The Federal Trade Commission is opposing antitrust reform legislation in Congress that aims to loosen restrictions on physicians and other providers forming managed-care networks.
FTC Chairman Robert Pitofsky urged the House Judiciary Committee to allow the commission to develop more flexible guidelines that could remove existing barriers to physician networks.
Under current law and enforcement policies, network providers must be financially integrated in order to avoid price-fixing allegations. But the promised guidelines, which could be released as soon as May, would recognize other forms of integration that would help networks avoid price-fixing charges, Pitofsky said.
Pitofsky's comments came at a hearing on the Antitrust Health Care Advancement Act, sponsored by Judiciary Committee Chairman Henry Hyde (R-Ill.).
Pitofsky told members of the committee that allowing the FTC and the Justice Department to develop and constantly adjust antitrust guidelines is a more flexible approach.

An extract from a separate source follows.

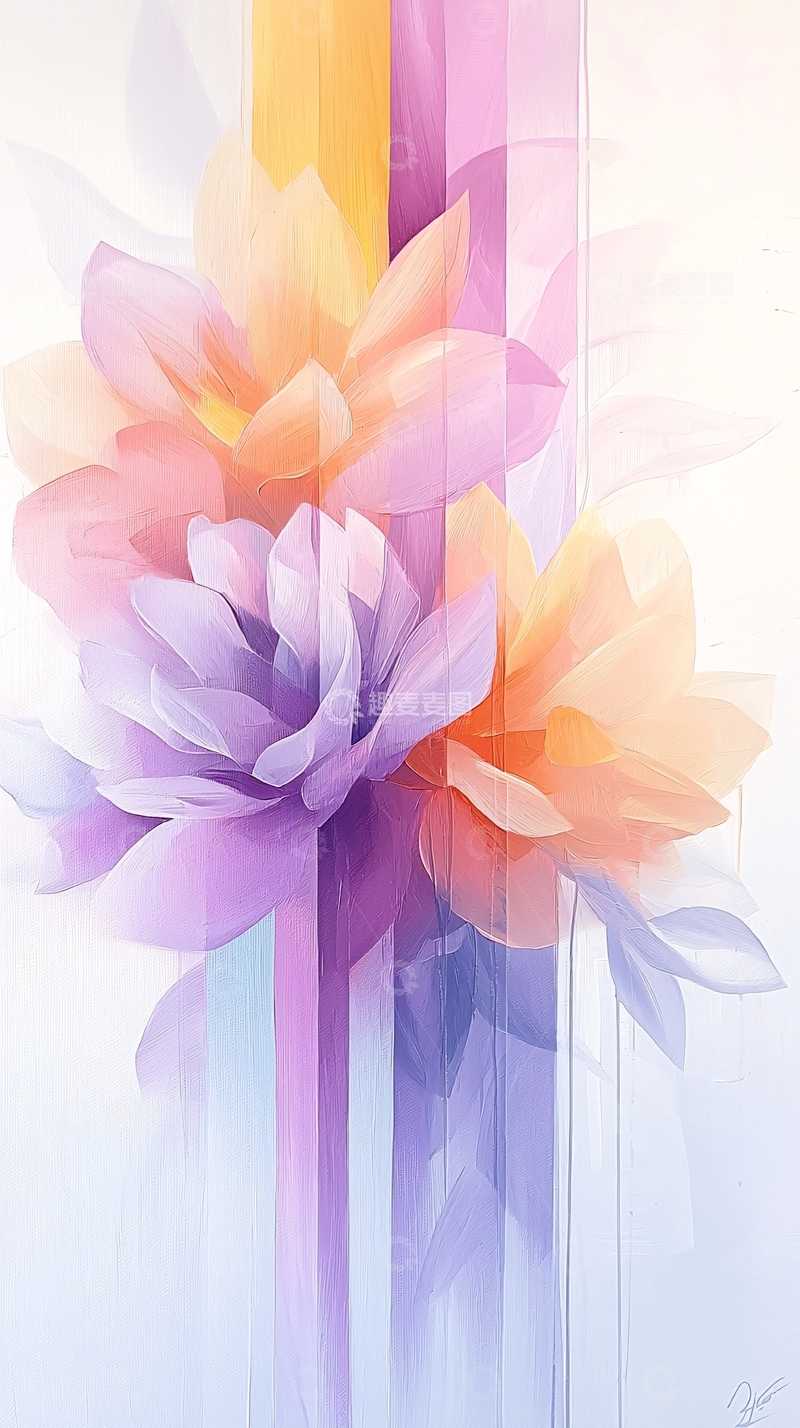 高清大图下载【趣麦麦图】梦幻花朵抽象艺术画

The fast-changing healthcare marketplace would quickly outpace any legislative relief Congress could pass, and Congress could not adjust its law as quickly as the FTC can change its guidelines, Pitofsky said.
But Hyde countered that legislation could provide "predictability, certitude" better than "amorphous guidelines" for providers seeking to form networks.

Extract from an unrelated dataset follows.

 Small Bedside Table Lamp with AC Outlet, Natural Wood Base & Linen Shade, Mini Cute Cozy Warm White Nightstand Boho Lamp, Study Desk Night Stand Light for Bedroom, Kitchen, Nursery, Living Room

Hyde's legislation would subject the conduct of physician networks, in negotiations with payers, to more generous antitrust scrutiny under so-called "rule-of-reason" analysis.
Physicians argue that current interpretations of antitrust law bar them from discussing their fees as a "per se violation" of price-fixing prohibitions, without considering whether the network they seek to form in fact will increase marketplace competition.
The only networks that now receive "rule-of-reason" analysis are those in which there is financial integration or shared risk among providers, or if the network introduces a new product to the marketplace.